Reflecting the new power and prominence of “super PACs” and other groups in the Republican world, Americans for Prosperity, a tax-exempt organization that is spending millions of dollars against President Obama, will hold a reception, “A Salute to Entrepreneurs Building America.” The honorees are David H. Koch, the group’s billionaire co-founder, and Art Pope, a North Carolina businessman and generous donor to conservative causes.
The billionaire investor Paul Singer, who has given at least $1 million to the pro-Mitt Romney super PAC Restore Our Future, has booked Karl Rove and Condoleezza Rice for invitation-only briefings, Gov.
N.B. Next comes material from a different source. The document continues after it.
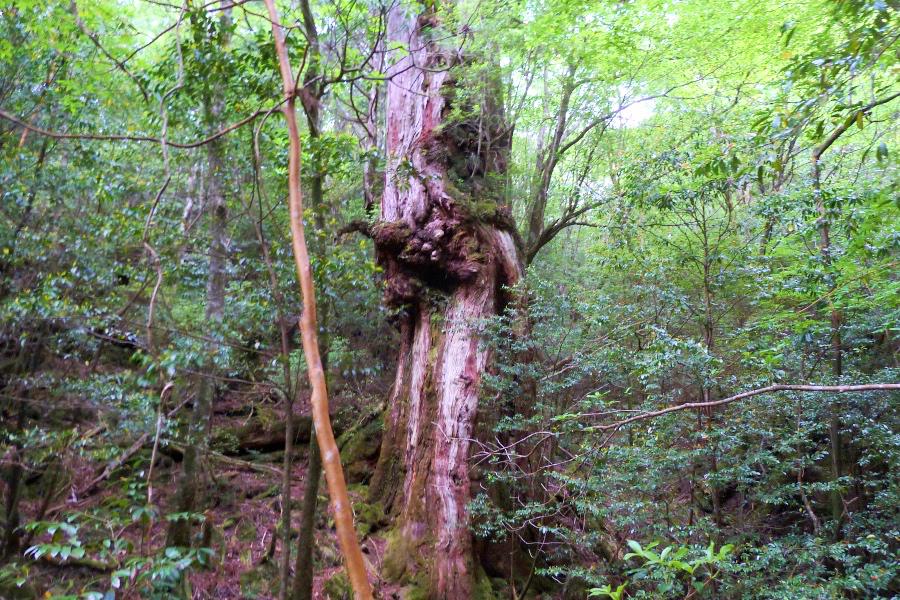 世界遺産 屋久島の縄文杉トレッキングの仁王杉の写真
Scott Walker of Wisconsin for a private dinner, and himself for a breakfast seminar titled “A Pro-Growth Agenda for a Romney Administration.”
When thousands of delegates, elected officials and party leaders begin arriving in Tampa, Fla., for the Republican National Convention, hundreds of lobbyists, corporate executives, trade associations and donors will be waiting for them, exploiting legal loopholes — and the fun-house atmosphere — that make each party’s quadrennial conventions a gathering of money and influence unrivaled in politics.
In many ways, their activities amount to a parallel convention, one in which access to elected officials, party leaders and delegates provides corporations, interest groups and lobbyists a chance to advance their causes as the party goes about its official business nearby.
Lobbyists and trade groups, virtually all with business before Congress and federal agencies, are paying for a nonstop schedule of beach parties, concerts and cocktail hours.